There is a lot of motivation and incentive to unlock more of the $30+ trillion resource. A lot of R&D and test wells using more new techniques.

The point was to look at what the data is telling us about Bakken production, and then compare it to US production. As stated in the piece, the great increases in Bakken production are a credit to the oil industry, land owners, service companies, etc., with a little help from Mother Nature. And yes indeed, there may be further increases from Three Forks Sanish and Lodgepole.

As great as the Bakken production increase has been, it has not had much impact as a percentage of total US production, not to mention consumption. Unfortunately, US oil production has been on decline since 1971, even with the Gulf of Mexico, the Alaska North slope, and prolific plays like the Austin Chalk and the Bakken.

We need all the Bakken's we can get to supplement US production, but in spite of our best efforts, with the best technology, and the most rigs of any country in the world, we have not been able to reverse the US year-on-year oil decline. (Gas production has been a brighter picture, because the decline has recently been abated with the advent of the gas shales.) I personally wish we could find 10 new Bakken's in the continental US, but I've been in the industry long enough to know that for onshore oil, the discovery size is decreasing, cost/bbl is increasing, and EROI is deteriorating.

For North Dakota, I hope the rising oil production and the commensurate activity lasts many years.

In a few short decades the oil boom in ND will be a fading shadow of its current glory, the missile fields may or may not be abandoned or significantly reduced in scale, the fertilizer and other agrochemicals and diesel to power the equipment may be scarce, the last folks who remember Lawrence Welk will be gone, and the wind will still blow strong and the Ghosts of North Dakota will tell the tale.

I've been to many of the places depicted at this site below; I highly recommend these as an adventure objective if you have some free time to spend in NoDak.

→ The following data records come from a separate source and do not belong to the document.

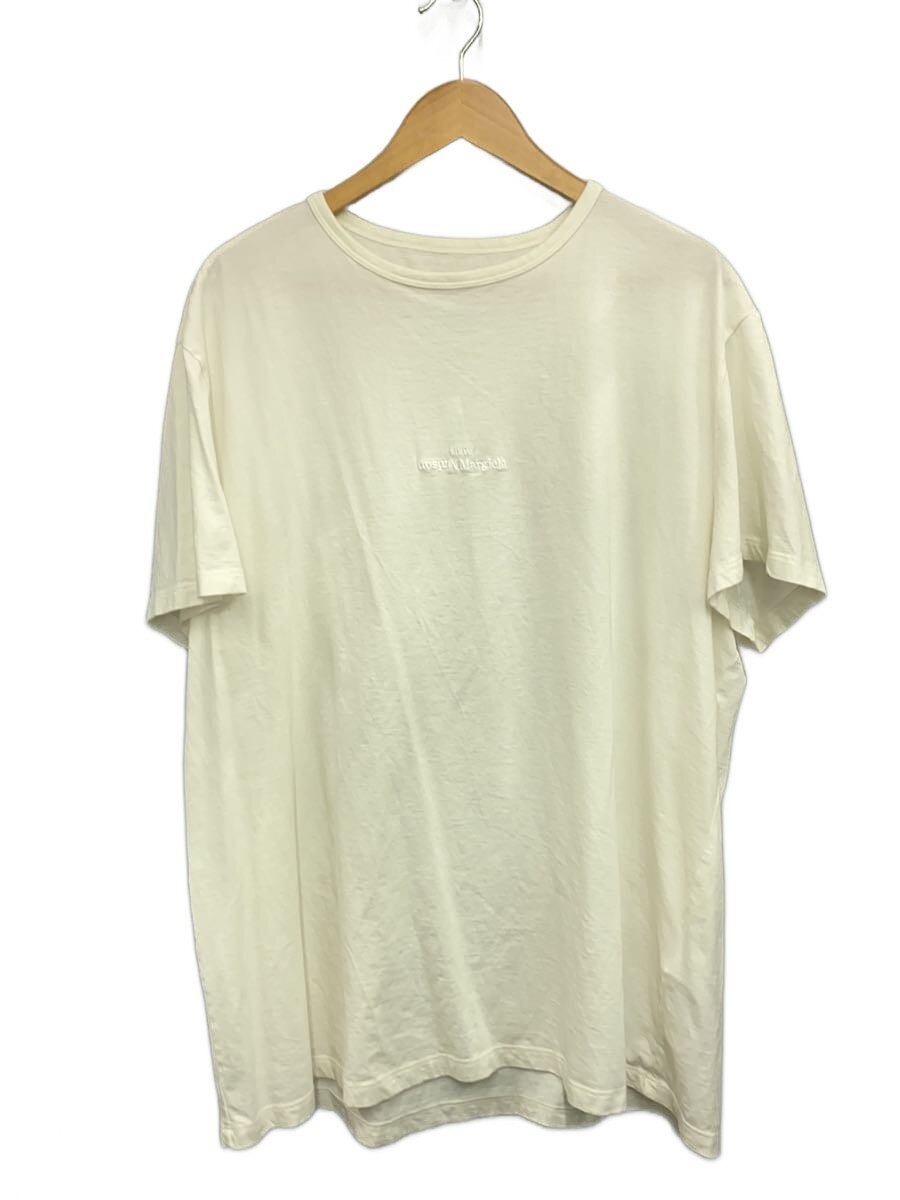 【中古】Maison Margiela◆Tシャツ/XL/コットン/CRM/無地/s50gc0669 s23525//【メンズウェア】|2nd STREET 店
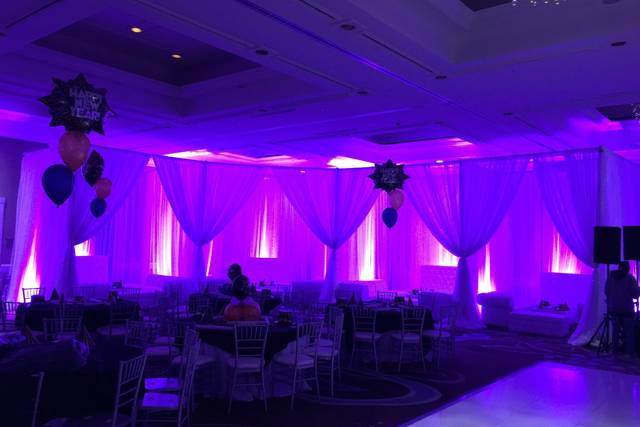 Reception area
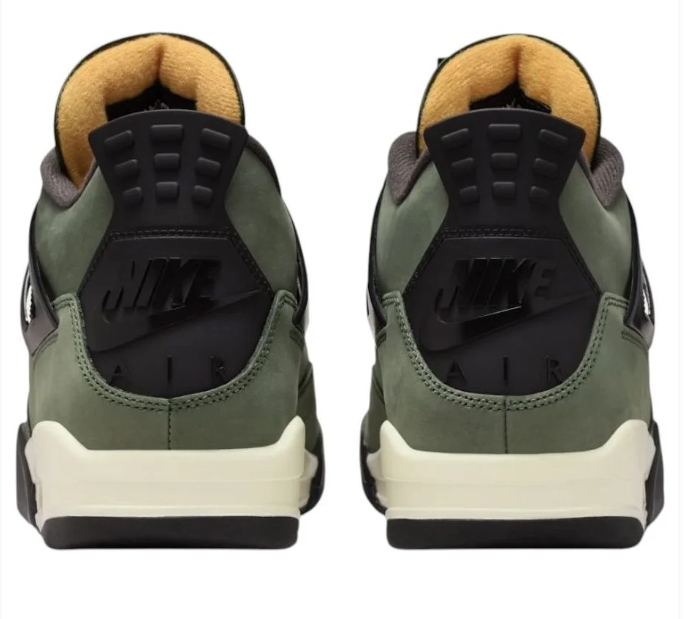 Undefeated x Air Jordan 4 Retro 2005 Camo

Take pictures and memories, leave footprints...the ghosts may be watching!

http://www.ghostsofnorthdakota.com/

I thought the book at the link below was good; I especially was intrigued by the authors' premise that the increasing size of railroad grain cars over time from 50T to 100T caused the slow death of many a ND town. Many of the Ghost Towns/near ghost towns happen to be located along the many RR spur lines, many running SE to NW in the state.

http://www.amazon.com/Silent-Towns-Prairie-Dakotas-Disappearing/dp/15751...

Maybe some of the recently (and soon-to-be)developed wind farms will still be humming along after the oil declines...

Hopefully the missile fields will not be full of craters...

this is a dumb question - but if you google "oil shale" you get info about sites in colorado where they extract synthetic oil by breaking up the rock, heating it, and condensing an oil-like substance. how is bakken shale oil different from this? they seem like very different extraction techniques. don't we need a way to distinguish one shale oil from another?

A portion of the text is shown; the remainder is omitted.